In the records below, locate the line containing "Vessie D'hydratation 2L"; output that line and every following line through the last, exactly.

Records to use:
______
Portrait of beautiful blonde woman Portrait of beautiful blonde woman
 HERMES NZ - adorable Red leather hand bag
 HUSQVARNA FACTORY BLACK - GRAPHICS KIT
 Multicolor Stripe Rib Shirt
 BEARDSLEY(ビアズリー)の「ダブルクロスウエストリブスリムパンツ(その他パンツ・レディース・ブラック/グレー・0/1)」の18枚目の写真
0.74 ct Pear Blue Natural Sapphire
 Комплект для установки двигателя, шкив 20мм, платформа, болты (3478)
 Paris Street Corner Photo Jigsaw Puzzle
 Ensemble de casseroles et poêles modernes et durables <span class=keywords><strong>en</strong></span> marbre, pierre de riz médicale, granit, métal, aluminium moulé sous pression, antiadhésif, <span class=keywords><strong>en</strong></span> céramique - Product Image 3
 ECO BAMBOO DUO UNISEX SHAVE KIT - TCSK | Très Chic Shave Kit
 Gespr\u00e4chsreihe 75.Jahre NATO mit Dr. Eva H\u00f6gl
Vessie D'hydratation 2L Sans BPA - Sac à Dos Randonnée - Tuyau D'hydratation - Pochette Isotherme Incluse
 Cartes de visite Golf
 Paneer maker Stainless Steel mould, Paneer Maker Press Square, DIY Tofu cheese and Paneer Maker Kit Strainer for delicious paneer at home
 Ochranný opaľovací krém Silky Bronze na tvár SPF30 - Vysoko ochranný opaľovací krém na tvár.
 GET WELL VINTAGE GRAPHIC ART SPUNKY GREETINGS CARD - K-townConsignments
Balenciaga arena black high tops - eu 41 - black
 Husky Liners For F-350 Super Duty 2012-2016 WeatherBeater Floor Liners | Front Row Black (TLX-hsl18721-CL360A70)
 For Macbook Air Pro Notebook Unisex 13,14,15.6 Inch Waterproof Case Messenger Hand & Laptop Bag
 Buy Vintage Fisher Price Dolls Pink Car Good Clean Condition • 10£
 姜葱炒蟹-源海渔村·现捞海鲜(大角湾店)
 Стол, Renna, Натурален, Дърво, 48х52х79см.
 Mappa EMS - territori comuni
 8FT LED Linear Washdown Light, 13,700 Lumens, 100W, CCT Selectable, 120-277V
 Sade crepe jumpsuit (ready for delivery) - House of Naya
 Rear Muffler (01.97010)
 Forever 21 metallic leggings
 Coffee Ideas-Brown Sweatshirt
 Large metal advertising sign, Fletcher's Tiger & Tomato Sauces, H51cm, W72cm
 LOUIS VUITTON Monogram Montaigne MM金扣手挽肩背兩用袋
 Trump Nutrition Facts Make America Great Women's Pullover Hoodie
______
Reply to the task:
Vessie D'hydratation 2L Sans BPA - Sac à Dos Randonnée - Tuyau D'hydratation - Pochette Isotherme Incluse
 Cartes de visite Golf
 Paneer maker Stainless Steel mould, Paneer Maker Press Square, DIY Tofu cheese and Paneer Maker Kit Strainer for delicious paneer at home
 Ochranný opaľovací krém Silky Bronze na tvár SPF30 - Vysoko ochranný opaľovací krém na tvár.
 GET WELL VINTAGE GRAPHIC ART SPUNKY GREETINGS CARD - K-townConsignments
Balenciaga arena black high tops - eu 41 - black
 Husky Liners For F-350 Super Duty 2012-2016 WeatherBeater Floor Liners | Front Row Black (TLX-hsl18721-CL360A70)
 For Macbook Air Pro Notebook Unisex 13,14,15.6 Inch Waterproof Case Messenger Hand & Laptop Bag
 Buy Vintage Fisher Price Dolls Pink Car Good Clean Condition • 10£
 姜葱炒蟹-源海渔村·现捞海鲜(大角湾店)
 Стол, Renna, Натурален, Дърво, 48х52х79см.
 Mappa EMS - territori comuni
 8FT LED Linear Washdown Light, 13,700 Lumens, 100W, CCT Selectable, 120-277V
 Sade crepe jumpsuit (ready for delivery) - House of Naya
 Rear Muffler (01.97010)
 Forever 21 metallic leggings
 Coffee Ideas-Brown Sweatshirt
 Large metal advertising sign, Fletcher's Tiger & Tomato Sauces, H51cm, W72cm
 LOUIS VUITTON Monogram Montaigne MM金扣手挽肩背兩用袋
 Trump Nutrition Facts Make America Great Women's Pullover Hoodie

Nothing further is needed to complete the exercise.